O terceiro desafio é a retomada do papel do Brasil como protagonista no cenário geopolítico global, com sua política “ativa e altiva” que marcou os governos do PT entre 2003 e 2016. Durante a visita de Lula, a ex-presidenta Dilma Rousseff será empossada na presidência do New Development Bank –NDB (“Banco do BRICS”). Ao nomear Rousseff, Lula demonstra a aposta do governo brasileiro no fortalecimento do BRICS – instrumento estratégico da parceria sino-brasileira – como um dos pilares da multipolaridade. Por uma série de fatores, tanto o NDB, quanto o Arranjo de Reservas Contingente (CRA) – um fundo de 100 bilhões de dólares cujo objetivo original era ser uma alternativa ao FMI – ainda estão aquém de seu enorme potencial. Não há dúvida de que uma das fraquezas do NDB desde a sua fundação foi a falta de uma liderança forte e disposta a encarar alguns desafios. Quem melhor do que Dilma Rousseff, uma liderança global altamente prestigiada e uma das fundadoras do NDB (2015) quando presidenta do Brasil, para assumir esta tarefa?

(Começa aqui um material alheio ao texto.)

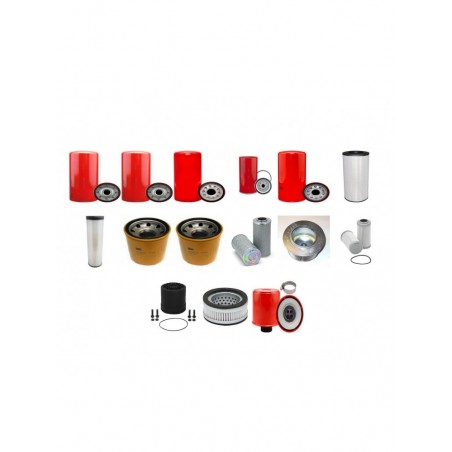 VOLVO EC480D Filter Service Kit
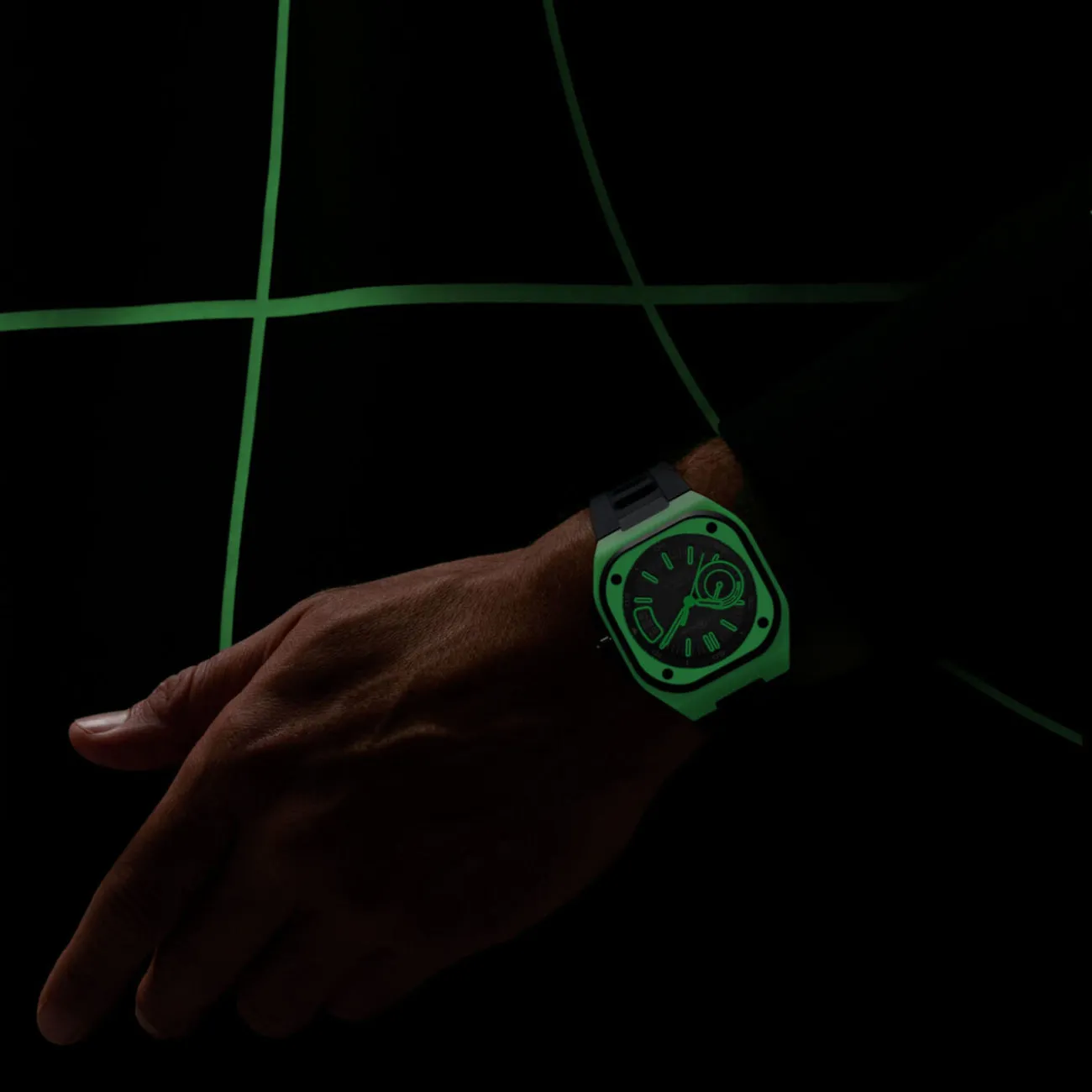 URBAN - BR-X5 GREEN LUM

Nos anos 1980, quando a China iniciava seu processo de reforma e abertura, ela buscou aprender com o desenvolvimento industrial brasileiro como, por exemplo, na indústria automobilística, nas telecomunicações e na mais avançada tecnologia hidrelétrica da época: a Usina de Itaipu. Centenas de engenheiros, pesquisadores e quadros governamentais visitaram o Brasil durante anos para absorver a experiência brasileira e adaptá-la às necessidades chinesas. Naquele período, os PIBs do Brasil e da China eram parecidos. Hoje, o PIB chinês é mais de dez vezes maior que o brasileiro. Chegou a vez do Brasil enviar seus estudantes e quadros das mais distintas áreas à China, para que possamos aprender as lições do modelo chinês de modernização e propor inúmeras formas de cooperação entre os dois países. O encontro entre os presidentes Lula e Xi Jinping pode ser o primeiro passo para uma nova era das relações entre Brasil e China.
Por último, vale ressaltar que diante da crescente importância estratégica da China na geopolítica mundial e a necessidade dos países em desenvolvimento se voltarem mais para o país asiático, o Instituto Tricontinental de Pesquisa Social e Dongsheng iniciaram a produção de uma edição internacional da revista chinesa Wenhua Zongheng (Wén Huà Zòng Heng), um prestigiado periódico do pensamento cultural e político chinês contemporâneo. Por meio desta parceria, a cada três meses serão selecionados ensaios das edições chinesas da revista para serem traduzidos para português, inglês e espanhol, buscando estreitar o diálogo entre a intelectualidade do Sul Global com a China.
Marco Fernandes é pesquisador do Instituto Tricontinental de Pesquisa Social, coeditor do coletivo Dongsheng e membro da Campanha No Cold War.